AIMS: To compare the glycaemic efficacy, continuous glucose monitoring (CGM) metrics, and safety of biweekly efsubaglutide alfa 3 mg (Q2W) versus weekly 1 mg (QW) in adults with type 2 diabetes inadequately controlled with lifestyle intervention.
MATERIALS AND METHODS: In this multicentre, randomised, open-label trial, 59 adults were allocated 1:1 to efsubaglutide alfa 3 mg Q2W or 1 mg QW for 12 weeks after a 1-week 1 mg run-in. The primary endpoint was change in HbA1c from baseline to week 13 (end of 12-week treatment). Secondary endpoints included fasting plasma glucose (FPG), CGM time in range (TIR, 3.9-10.0 mmol/L) and tight TIR (3.9-7.8 mmol/L), 24-h mean glucose, weight, lipids, and adverse events. Continuous outcomes were analysed using a mixed model for repeated measures (MMRM); categorical outcomes used stratified Mantel-Haenszel tests; p values/CI were descriptive.
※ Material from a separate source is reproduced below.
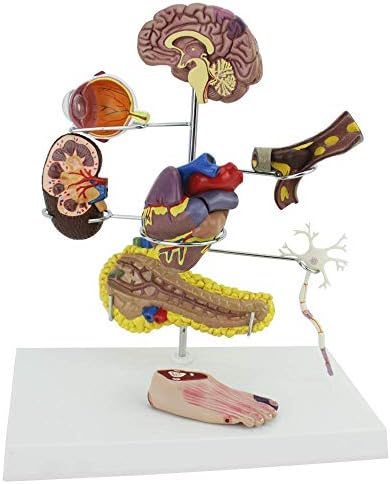 Oktatási Modell, Anatómiai Modell, Az Emberi Anatómia - Kóros Cukorbetegség Modell Cukorbeteg Szerv Anatómiai Modell,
RESULTS: HbA1c decreased by -1.45% (SE 0.14) with Q2W and -1.53% (0.14) with QW; LS mean difference (Q2W-QW) 0.09% (95% CI -0.32, 0.50). FPG fell similarly (-2.07 vs. -2.22 mmol/L). TIR increased from 45.0% to 77.2% with Q2W and 75.1% with QW; tight TIR reached 53.8% and 48.8%, respectively. End-of-treatment 24-h mean CGM glucose was 8.12 versus 8.66 mmol/L (Q2W vs. QW). At week 13, HbA1c <7.0% was achieved by 55.2% (Q2W) and 65.5% (QW); ≤6.5% by 37.9% and 24.1%. Gastrointestinal adverse events predominated and were mostly mild to moderate; no hypoglycaemia or cardiovascular events occurred.
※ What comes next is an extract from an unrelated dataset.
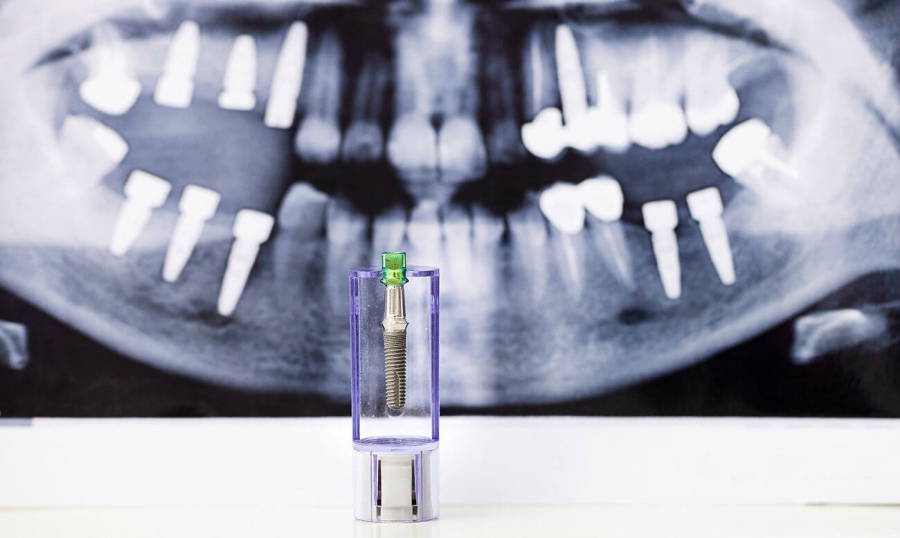 Имплантация зубов Astra Tech под ключ акция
CONCLUSIONS: Over 12 weeks, efsubaglutide alfa 3 mg Q2W provided glycaemic and CGM benefits comparable to 1 mg QW with favourable tolerability. These findings support the feasibility of a biweekly regimen as an alternative to weekly dosing; larger, longer-duration confirmatory trials in more diverse populations are warranted.